Looking for players from Spokane/Pullman WA or Moscow/Lewiston, ID to start a gaming group.  Setting will be Forgotten Realms.  I have many years experience playing AD&D and have converted to 3.0/3.5 over the last few years. 

I am also currently teaching the game to my 11 year old son.  Hopefully, the games will be every weekend or every two weekends.  I might be willing to travel some weekends, but since I moved into a big house in Pullman (with a nice big gaming room), I would prefer to stay here     Email me at meaneyedcat21@peoplepc.com if interested.


----------



## Dragon-Slayer (Oct 20, 2004)

Are you interested in playing as well as running a game? I am in Lewiston and can travel to play (at least until the weather gets too bad). Depending on the number of players, you can try the hobby shop in the Palouse Empire Mall, there are some good folks there who can help out as well.


----------



## Mean Eyed Cat (Oct 24, 2004)

Dragon-Slayer said:
			
		

> Are you interested in playing as well as running a game? I am in Lewiston and can travel to play (at least until the weather gets too bad). Depending on the number of players, you can try the hobby shop in the Palouse Empire Mall, there are some good folks there who can help out as well.




Mostly DMing but playing might be fun too (since I'm a little rusty   ).  The Palouse Empire Mall is a good idea.  We recently posted some flyers at Merlyns in Spokane and up on the WSU campus looking for people.

After Halloween would be good for me.  If you are still interested, shoot me an email for more details.


----------



## Dragon-Slayer (Oct 25, 2004)

There is also a messageboard for the hobbyshop in Moscow, it can be found here: Da Momma's Boyz There is a section to post for games, this may be of help as well. 

   After Halloween sounds good to me. I will email you shortly so we can figure something out. 

    I would be interested in playing and I don't mind running a game or two for variety. I run a homebrew with elements from several different sources (3.5 fantasy), and I have the FRCS as well as Eberron.

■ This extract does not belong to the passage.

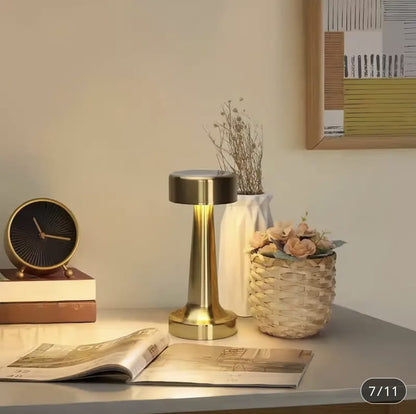 Lámpara LED Recargable Touch de Acero Inoxidable para Decoración - 3 Niveles de Luz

I can also run Skull and Bones and I have several Palladium Books games and the Pinnacle Deadlands books.


----------



## Mean Eyed Cat (Dec 3, 2004)

I'm still looking for players in the Palouse region of Washington.  We currently have 4 players and have played a few games, but scheduling has been a hassle (two players are college students)  If anybody is interested, shoot me an email.


----------



## richardclark (Oct 24, 2008)

Im a player in Lewiston looking for a game. I am fairly green and eagerly await to play.


----------



## Rob98926 (Sep 1, 2010)

I am in Pullman washington and looking for a D&D group. hoping for a 3.5 group but 4e is fine as well. you can reach me at my email or txt me at 509-929-4660


----------



## dinglett (Sep 5, 2010)

I currently live in Uniontown, Wa.  I am looking to get into a game.  so anybody looking to get one going just let me know


----------